### WHAT IS BEING ASKED
Hand back every line from the beginning of the data below through the line containing "Béžová dámská vypasovaná", word for word and free of pictures.
Start of MATERIAL PROVIDED
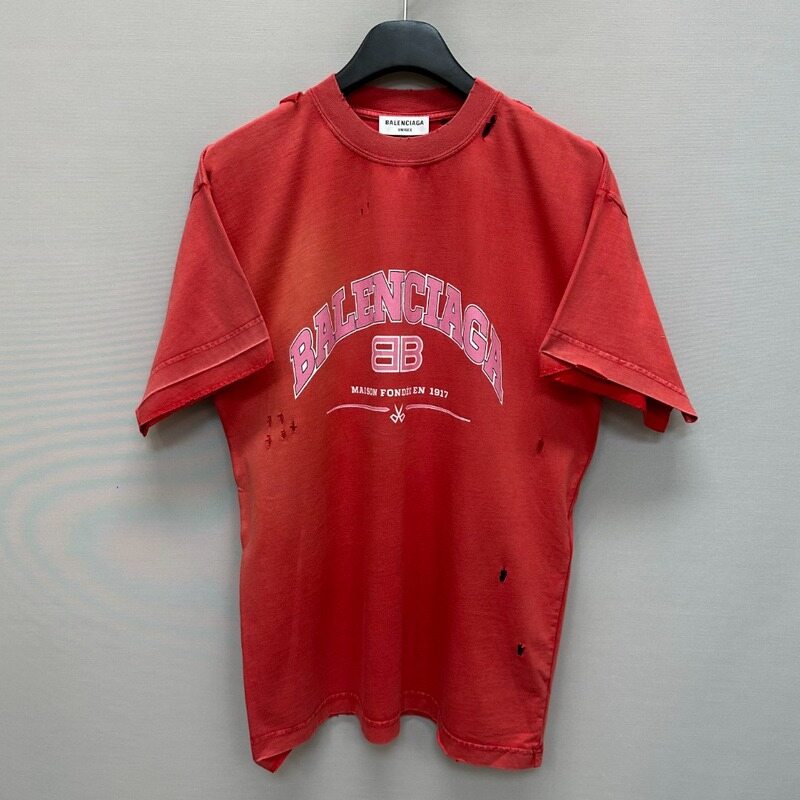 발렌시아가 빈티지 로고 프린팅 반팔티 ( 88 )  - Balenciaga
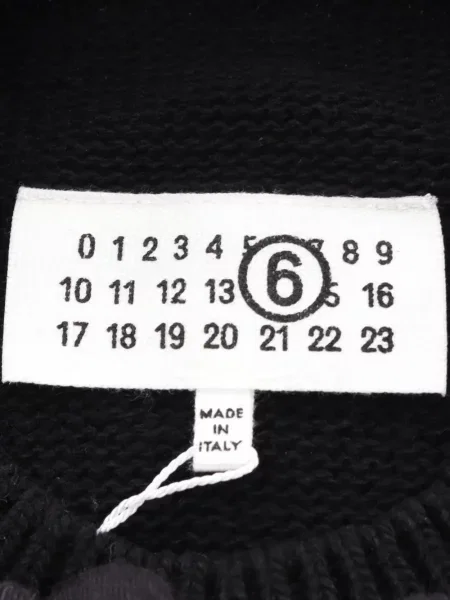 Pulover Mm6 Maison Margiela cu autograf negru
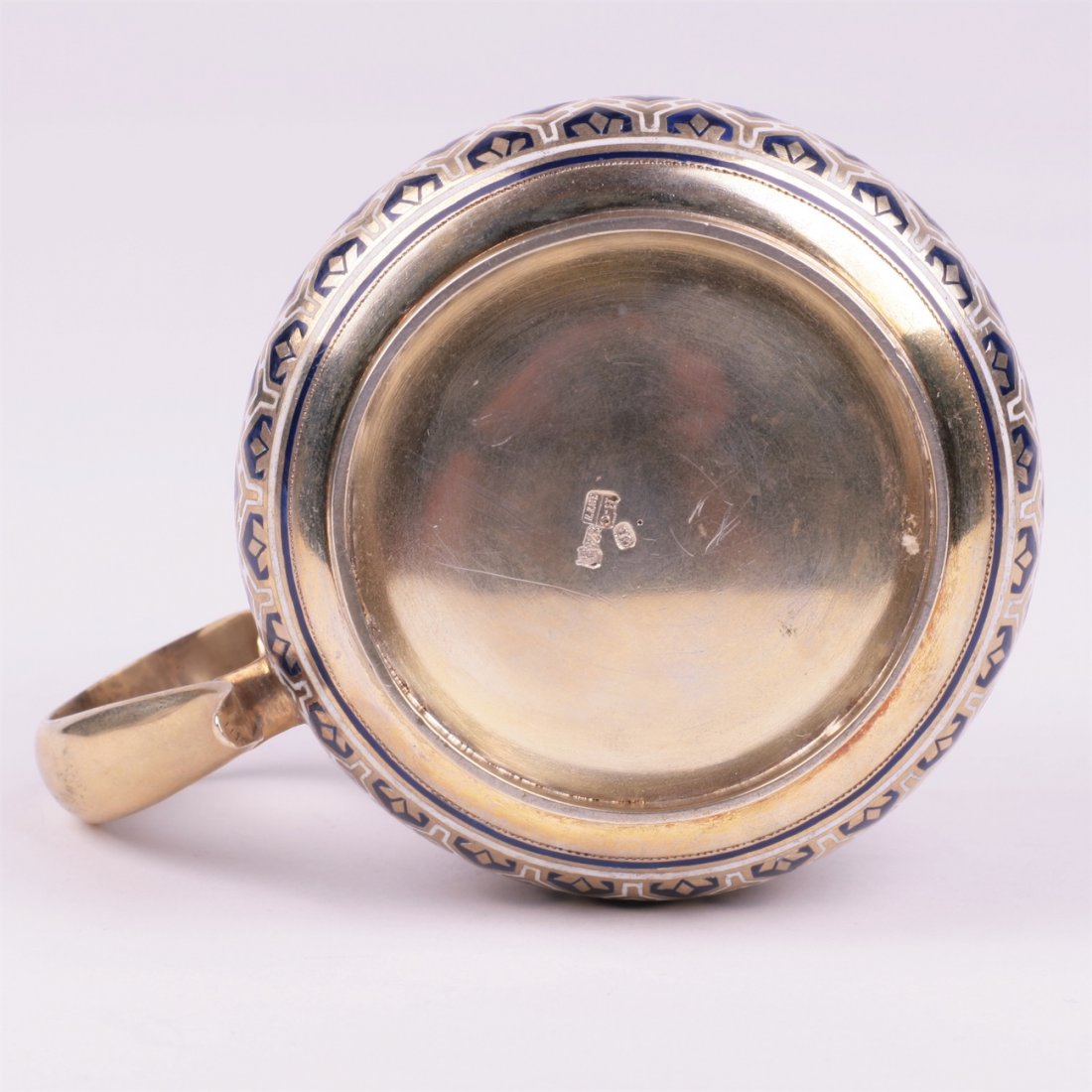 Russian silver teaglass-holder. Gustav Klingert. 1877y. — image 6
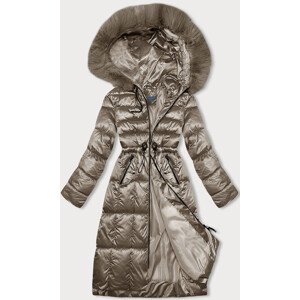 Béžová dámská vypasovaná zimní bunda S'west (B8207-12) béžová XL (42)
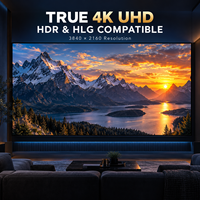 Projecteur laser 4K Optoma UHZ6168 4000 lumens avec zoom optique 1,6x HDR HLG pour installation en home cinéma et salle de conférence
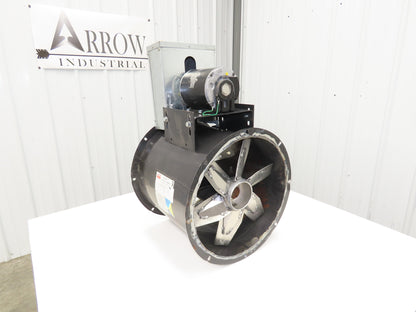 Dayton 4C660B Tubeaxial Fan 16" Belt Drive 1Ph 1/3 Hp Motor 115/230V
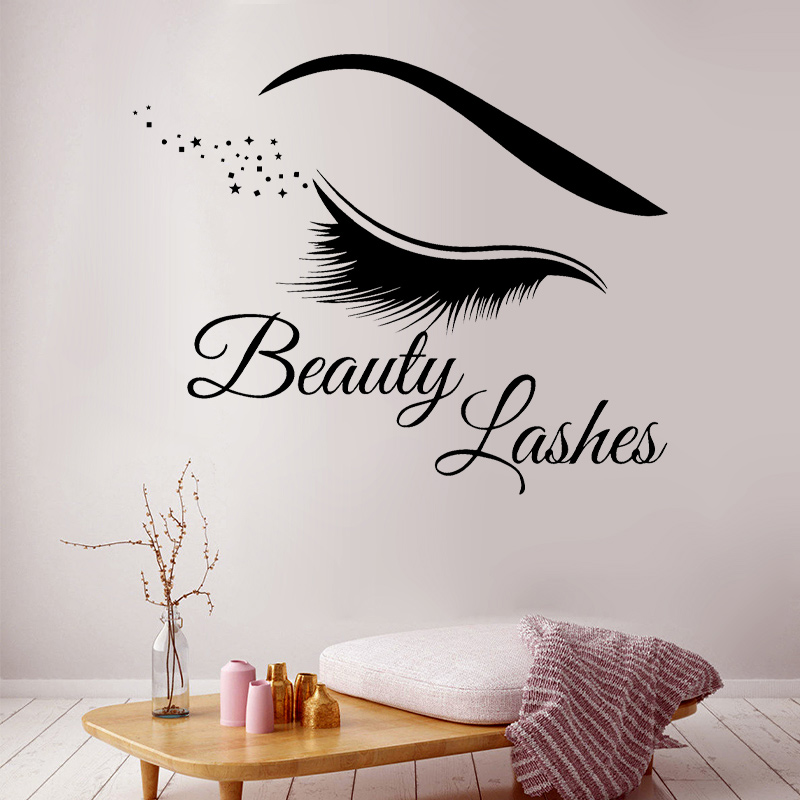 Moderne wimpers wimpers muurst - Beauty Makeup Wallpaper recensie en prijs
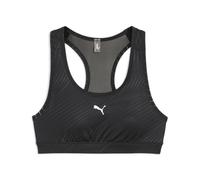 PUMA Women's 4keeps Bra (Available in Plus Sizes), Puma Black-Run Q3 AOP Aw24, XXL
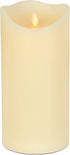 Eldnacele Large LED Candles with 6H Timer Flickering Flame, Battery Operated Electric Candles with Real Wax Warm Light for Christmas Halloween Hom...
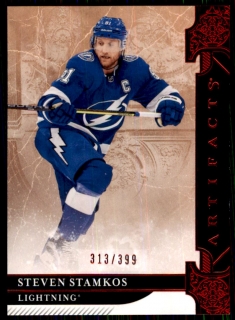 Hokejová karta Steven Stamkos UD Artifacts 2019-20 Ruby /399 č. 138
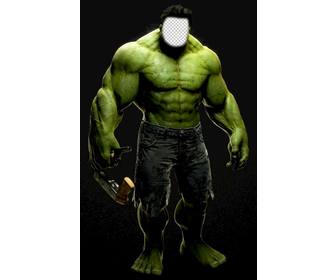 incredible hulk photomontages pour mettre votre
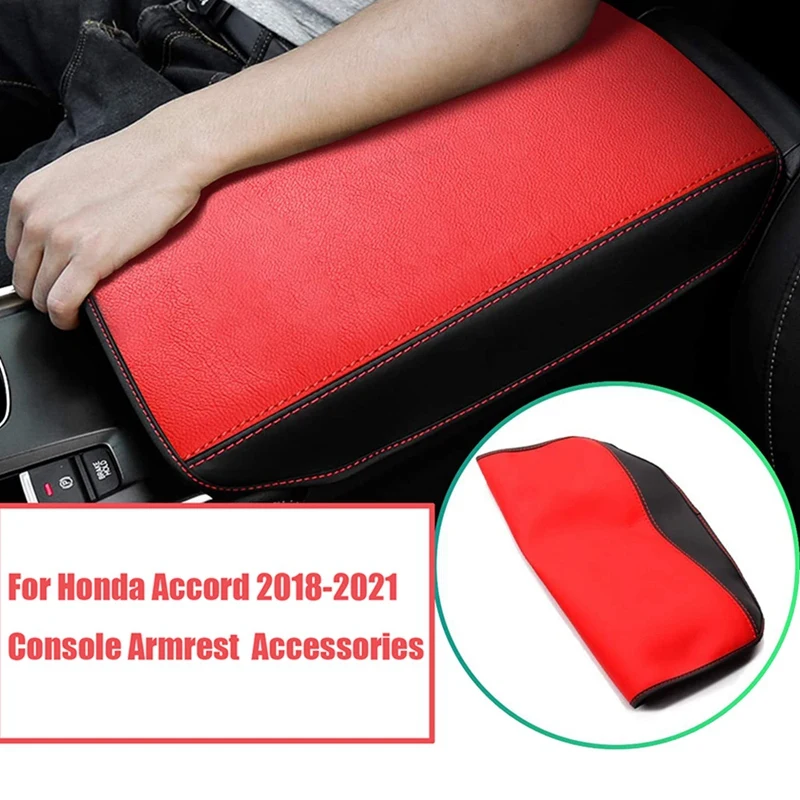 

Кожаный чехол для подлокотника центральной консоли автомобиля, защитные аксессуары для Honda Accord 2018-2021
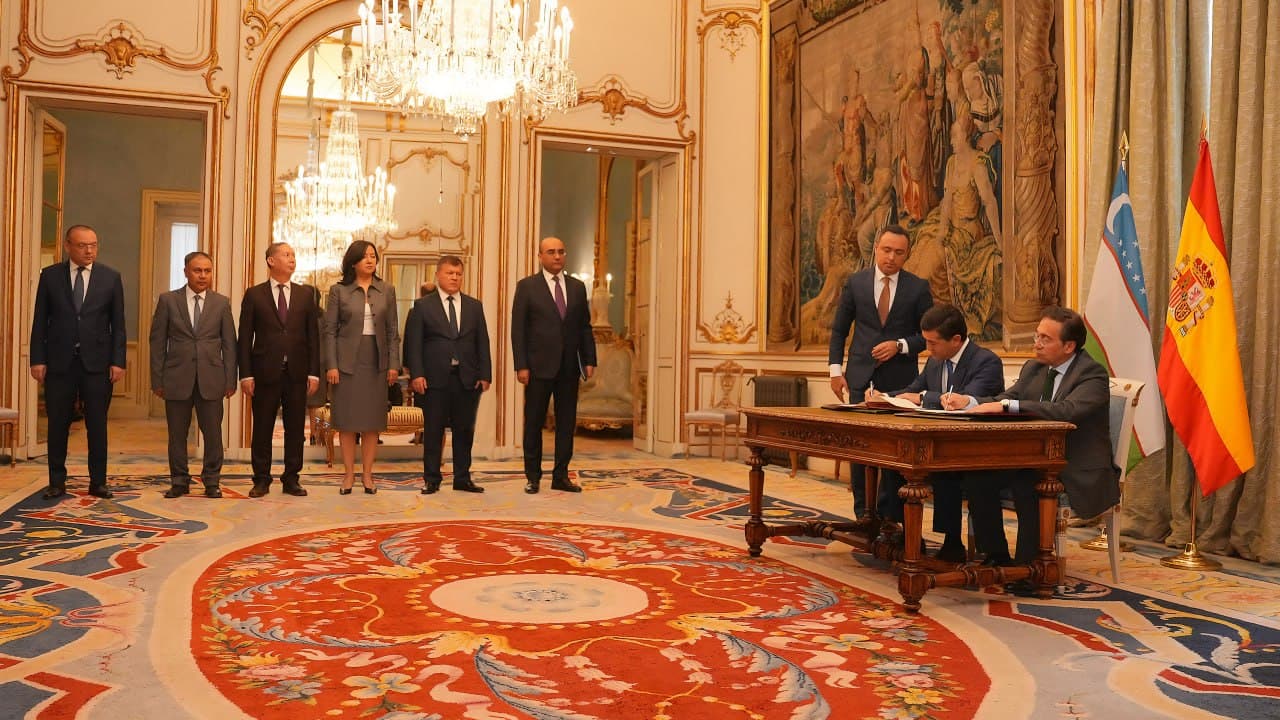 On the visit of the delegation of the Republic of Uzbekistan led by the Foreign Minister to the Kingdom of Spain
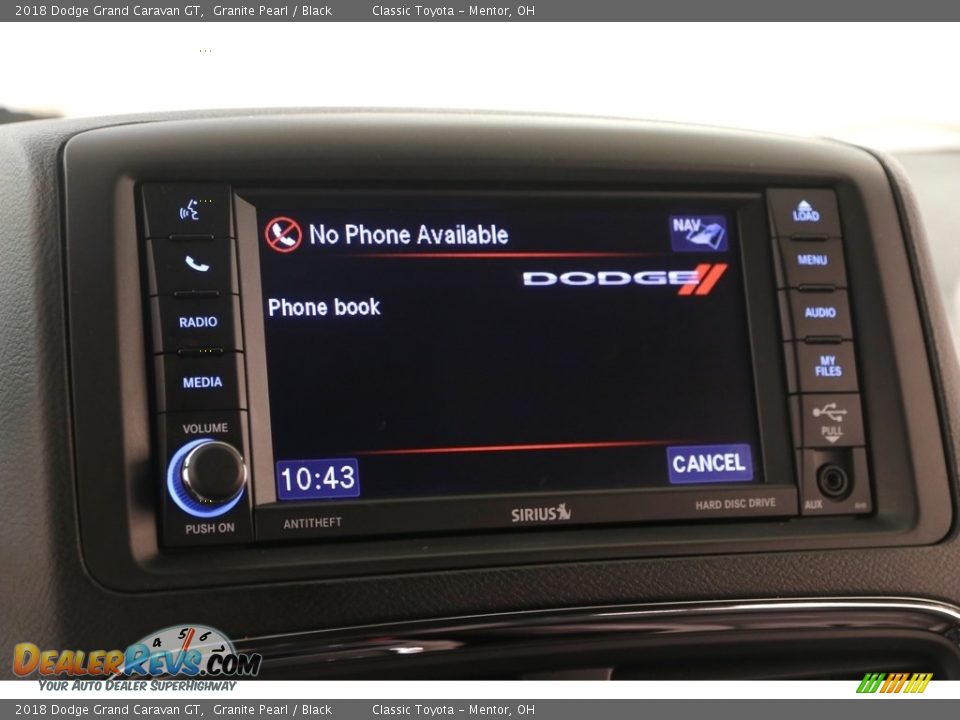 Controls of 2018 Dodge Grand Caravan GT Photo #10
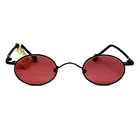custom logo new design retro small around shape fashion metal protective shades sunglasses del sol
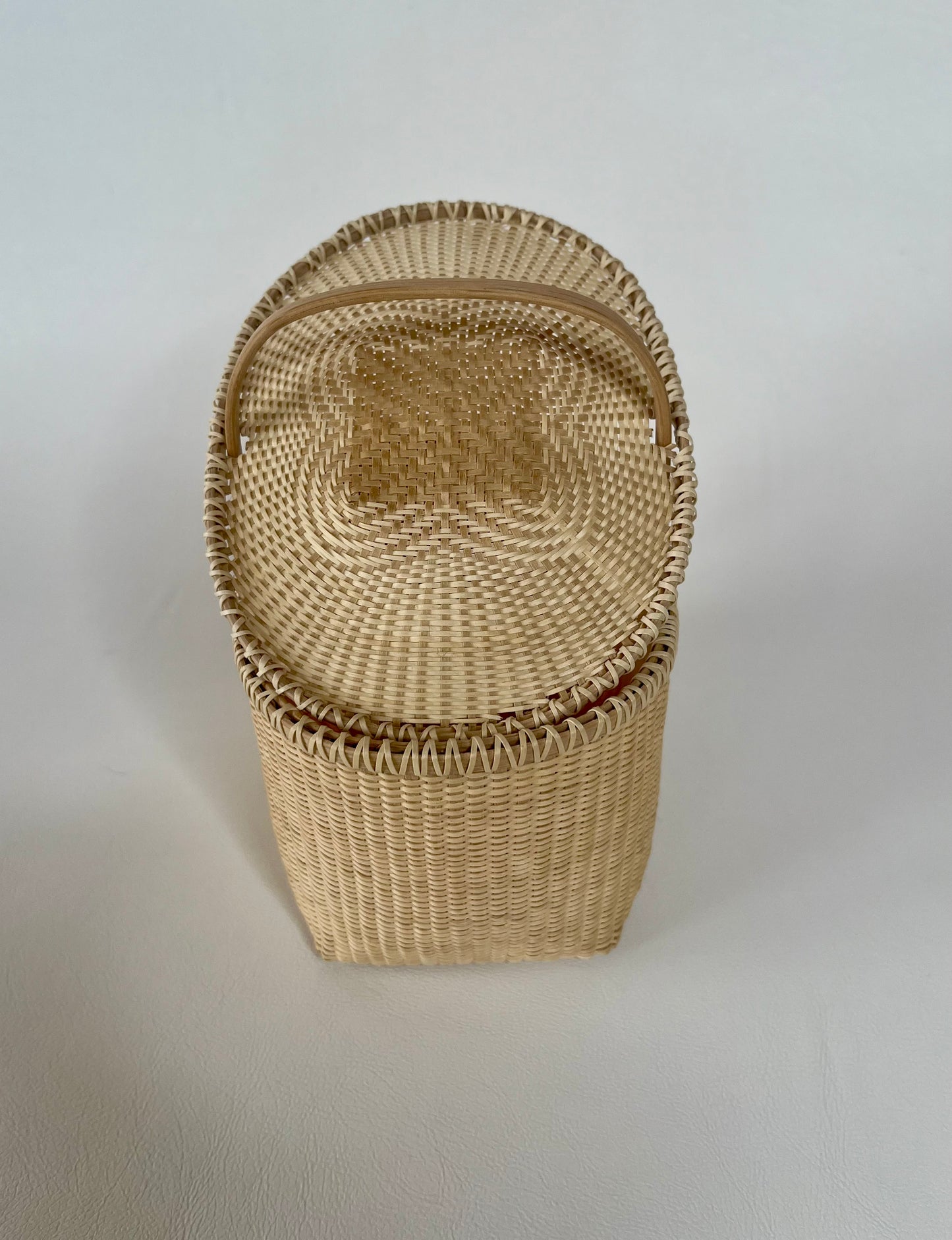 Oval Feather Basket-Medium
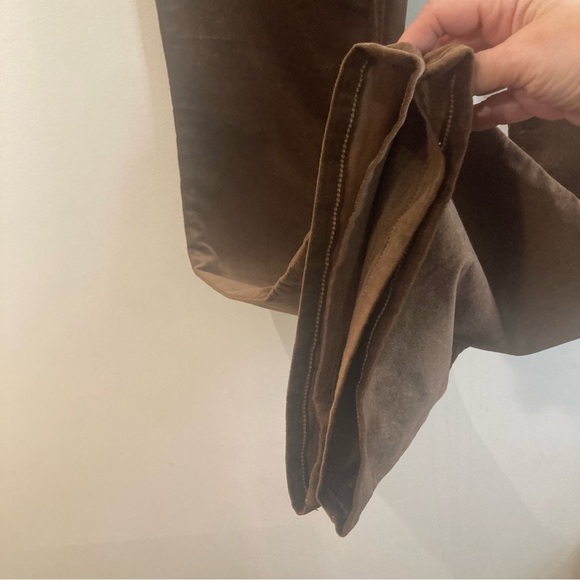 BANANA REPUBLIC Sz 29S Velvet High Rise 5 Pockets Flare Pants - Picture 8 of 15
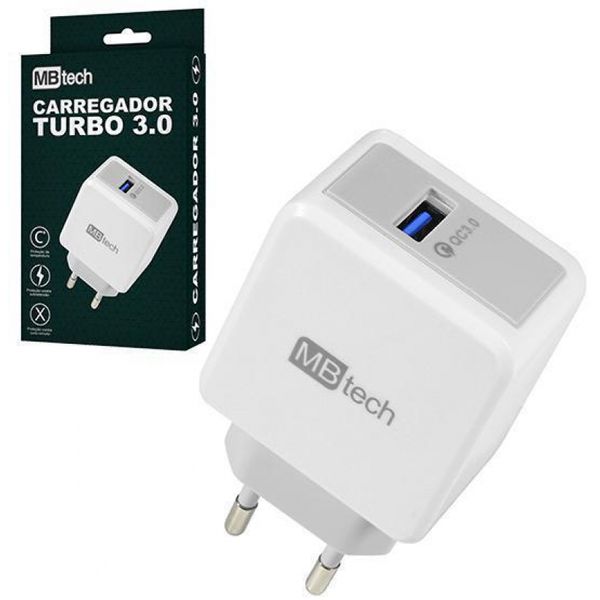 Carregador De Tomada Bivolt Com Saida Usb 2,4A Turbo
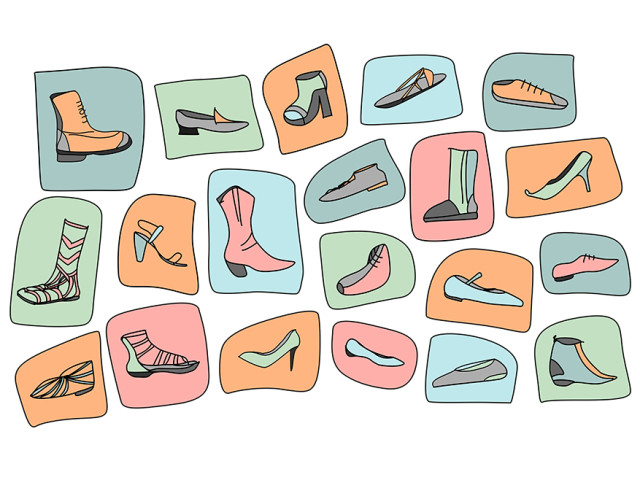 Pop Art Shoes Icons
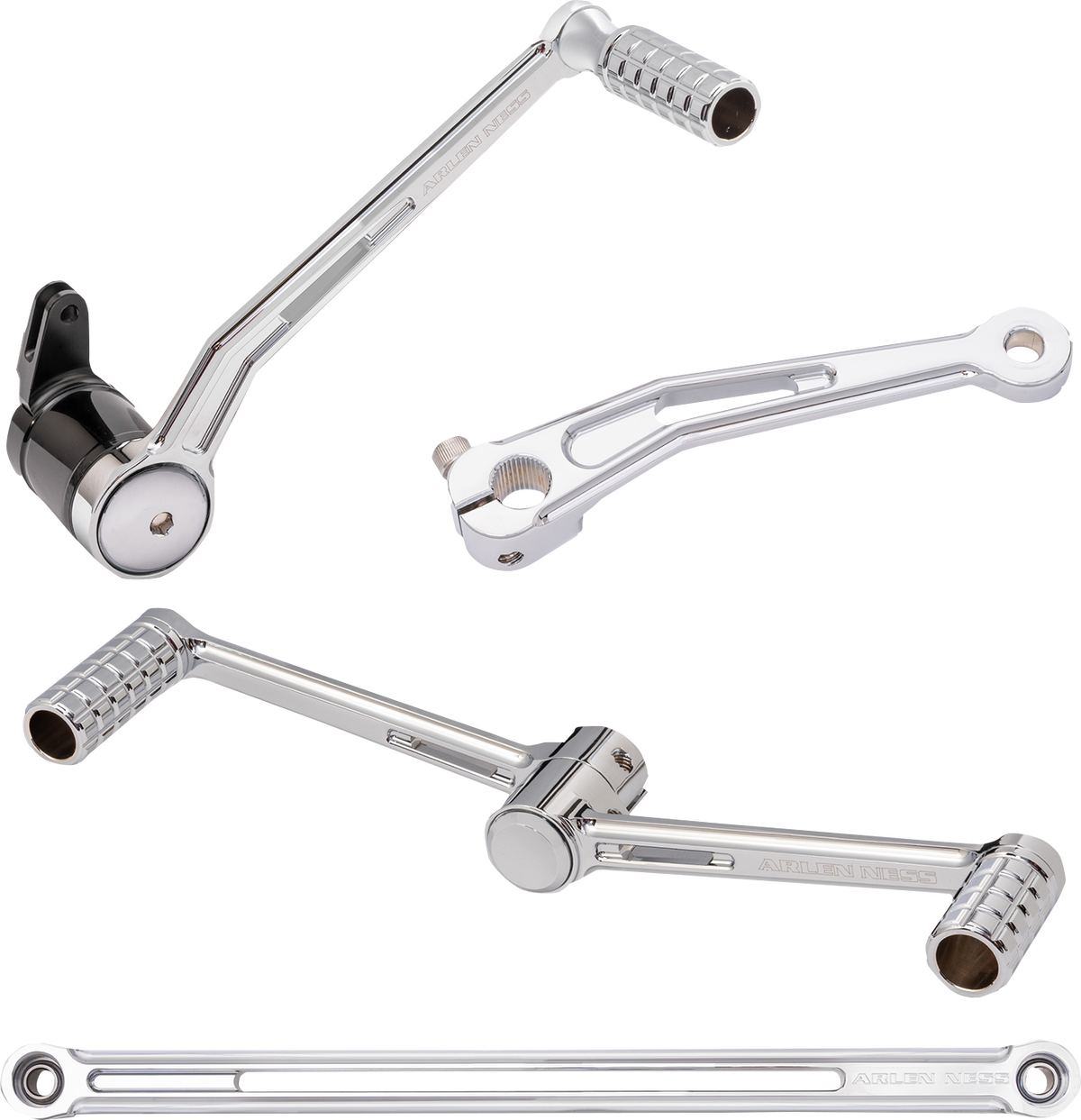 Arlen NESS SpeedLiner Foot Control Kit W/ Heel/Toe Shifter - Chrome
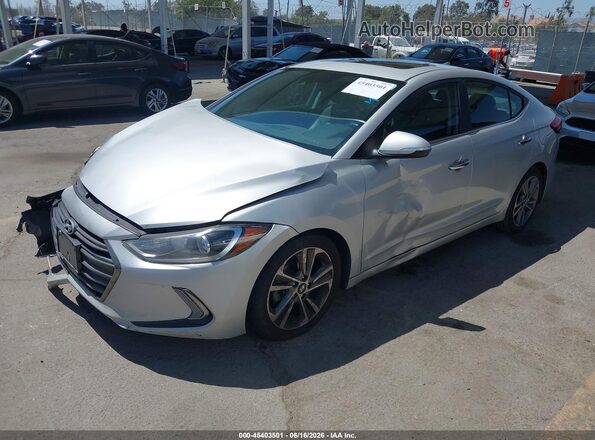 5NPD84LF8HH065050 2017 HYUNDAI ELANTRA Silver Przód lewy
End of MATERIAL PROVIDED
### OUTPUT FOR THIS TASK
 발렌시아가 빈티지 로고 프린팅 반팔티 ( 88 )  - Balenciaga
 Pulover Mm6 Maison Margiela cu autograf negru
 Russian silver teaglass-holder. Gustav Klingert. 1877y. — image 6
 Béžová dámská vypasovaná zimní bunda S'west (B8207-12) béžová XL (42)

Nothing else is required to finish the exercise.